Acun almadı tabii ki! Kurumsal olarak TV8'e sattık, orada yayınlanacak. Belki yarın Nusr'et alacak televizyonu, belli mi olur?!!
– Niye hep aynı isimlerle çalışıyorsunuz?
Cem Yılmaz: Doğru değil ki bu. Mesela Cem Davran'la ve Cemre Ebüzziya ile ilk defa çalışıyorum ben. Necip Memilli, Nilperi Şahinkaya ve Bala Atabek ile de ilk.
Zafer Algöz: Çok hızlı çektik… Aynı adamlar olmasının böyle bir avantajı da var…
Cem Davran: Bana da dediler ki “Amma yancısın be, aralarına girdin bak o grubu bozdun!” Ben de dedim ki “Yavrum benim 25 sinema filmim var, bu da 26. Kimsenin ortamını bozmadım.”
– Sanırım çoğu kimse aslında şunu söylemek istiyor; niye ben oynamıyorum? Tolga Çevik bile dayanamadı, geçen sene şovunda sitem etti…
Tolga 10 küsur senedir ekranda bu işi yapıyor, ben bir kere bile konuk olmamıştım ona. Onuncu senenin sonunda bir kerecik katıldım, onda da bunu söyledi. Bir de Defne ve kızları bizim filmlerde oynuyormuş.
– Oynamıyorlar mı?!
Yok ki böyle bir şey. Ayrıca da niye olmasın? Defne gayet iyi oynuyor. Sesi de çok güzel. Çok iyi şarkı söylüyor.
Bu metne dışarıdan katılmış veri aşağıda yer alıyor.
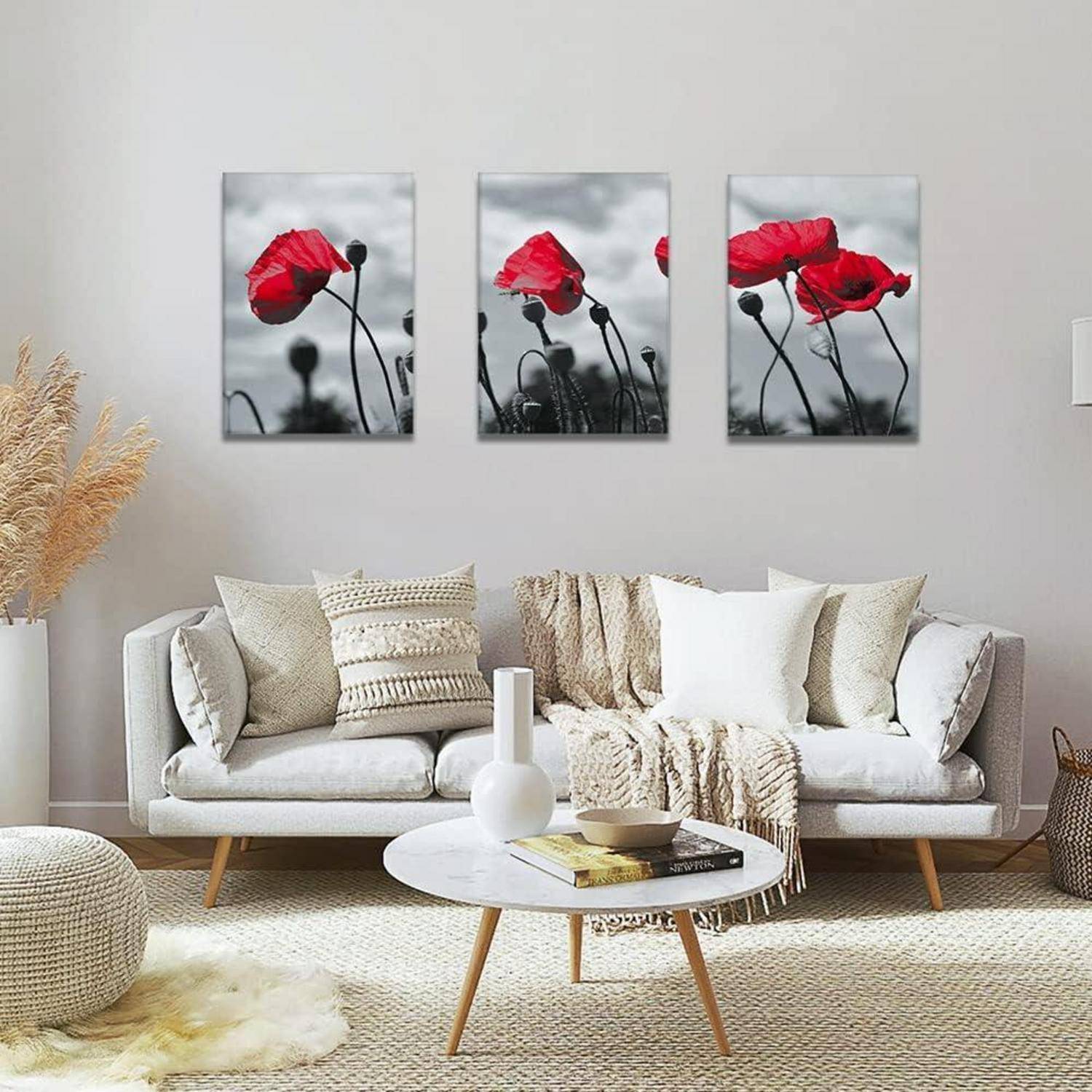 Leinwandbilder 3 Teilig Kunstdruck Motiv Wandbild Rote Blume 30x40cm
Ama hayır, filmde oynamıyor. O da kızları da.
– Niye oynamıyor?
Tolga Aşkıner-Nisa Serezli gibi ortak tiyatro yapacağız Defne'yle. Şaka tabii. Sevgilisini filmde oynattı. Böyle şeyler yok hayatımızda.
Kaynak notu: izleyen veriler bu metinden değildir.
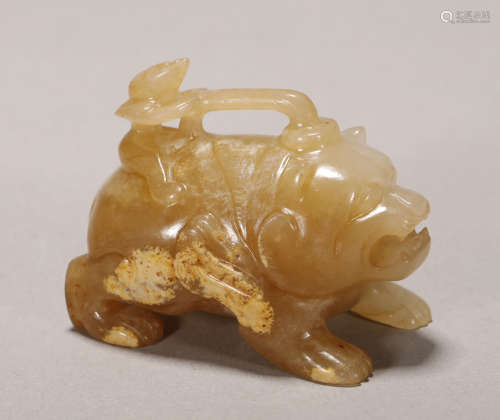 Han Dynasty - Figure and Bear Jade Ornament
– Dünyada ve Türkiye'de bu tür işler daha çok internet platformlarında seyirciyle buluyor… Netflix, BluTv, PuhuTV böyle deneysel işlerle dolu…
Dijitalciler bir ara bütün seyirciyi ve bizi gaza getirdiler “İnternette çok iyi şeyler olacak” diye… Güzel şeyler tam olurken, olmamaya başladı. Ben o ara anladım ki böyle bir seyirci var. Netflix'ten filan teklif geldi ama yuvarlak. Yani, evde otururken “Abi duydun mu Netflix aradı” filan… 50 yaşına geldim, buna niye heyecanlanayım ki…?
– Zor mu bu sinema işleri?
Çanakkale'de film çekerken bizim prodüktör arkadaşa köyden birisi “Ne iş yapıyorsunuz ?” dedi. O da “Filmciyim” deyince bu sefer de “yok, yani normalde ?” diye sordu. O hesap. Biz de filmciyiz yani, normalde de işimiz bu.
– Filmde Arçelik ve Ford ana sponsorlar. Bir filmin bütçesinin ne kadarını sponsorlar ne kadarını yapımcılar karşılıyor?
Arif v 216'da mesela ne kadarını karşılamış olabilir sponsorumuz, tahmin et… 28 milyon liralık bütçenin kaç parasını vermiş olabilir yani?
– Kaç sıfır var 28 milyon lirada… dur, ben şimdi bir dağıldım!
Filmin bütçesinin yüzde 10-15'ini ancak bir sponsor karşılayabilir. Bu işin ticari kısmında herkes ucuza iyi şey yapmak ister, ama bu her zaman mümkün değil, yani ucuza olmuyor…
– Yine de kazanıyorsunuz…
Gişede birsınırı geçince evet.
Arif v 216, iki milyon gişe yapsaydı batardık mesela. Hasılatı komedyenin kendisi alıyor zanneden var, böyle de haber yapılıyor. Doğru değil ki bu! Mısır fiyatından şikâyetçi olan seyirci var, onu da senin şahsına bildiriyor “Şu mısır işini çözsen Cem abi!”
– Hangisi daha zor, ağabey kardeş olmak mı, yoksa yönetmen oyuncu olmak mı?
Can Yılmaz: Gerçek aktörlerin arasında bana da soru sorduğunuz için teşekkürler. Biz 7/24 beraber olduğumuz için bunu ayıramam. Ama sette pek kardeş değiliz. Cem'in filminde oynamak yürek ister, fırça yemeye filan dayanıklı olacaksınız. Abilik sökmez.
– Gergin bir yönetmen mi?
Can Yılmaz: Gergin bir yönetmen. Böyle olsun, ağabeyimin kalbi kırılmasın
Cem Yılmaz: Gevşek yönetmenlik mi var ? Birisi yalnızca filmi düşünmek zorunda. O anlarda bazen “öyle değil böyle” demek gerekiyor. Benim de yaptığım o.